**WHAT YOU WILL DO**
Below are the records. Retype exactly the lines between the lines holding "Изображение товара Напольные" and "Diego maradona Organic", inclusive.

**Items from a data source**

= = =

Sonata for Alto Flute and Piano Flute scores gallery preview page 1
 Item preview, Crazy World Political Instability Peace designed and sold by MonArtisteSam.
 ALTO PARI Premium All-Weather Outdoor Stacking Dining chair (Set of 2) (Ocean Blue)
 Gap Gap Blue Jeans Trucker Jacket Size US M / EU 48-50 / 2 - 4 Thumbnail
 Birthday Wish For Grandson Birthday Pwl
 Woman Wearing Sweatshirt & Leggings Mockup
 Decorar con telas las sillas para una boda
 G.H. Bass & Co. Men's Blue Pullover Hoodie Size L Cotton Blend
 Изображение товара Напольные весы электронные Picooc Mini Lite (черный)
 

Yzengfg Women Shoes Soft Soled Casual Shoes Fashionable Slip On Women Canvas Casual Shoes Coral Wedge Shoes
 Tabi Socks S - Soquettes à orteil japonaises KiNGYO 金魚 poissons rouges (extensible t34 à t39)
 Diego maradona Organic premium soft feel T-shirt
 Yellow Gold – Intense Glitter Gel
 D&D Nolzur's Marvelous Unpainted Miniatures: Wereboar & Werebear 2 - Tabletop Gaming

= = =

**WRITTEN ANSWER**
 Изображение товара Напольные весы электронные Picooc Mini Lite (черный)
 

Yzengfg Women Shoes Soft Soled Casual Shoes Fashionable Slip On Women Canvas Casual Shoes Coral Wedge Shoes
 Tabi Socks S - Soquettes à orteil japonaises KiNGYO 金魚 poissons rouges (extensible t34 à t39)
 Diego maradona Organic premium soft feel T-shirt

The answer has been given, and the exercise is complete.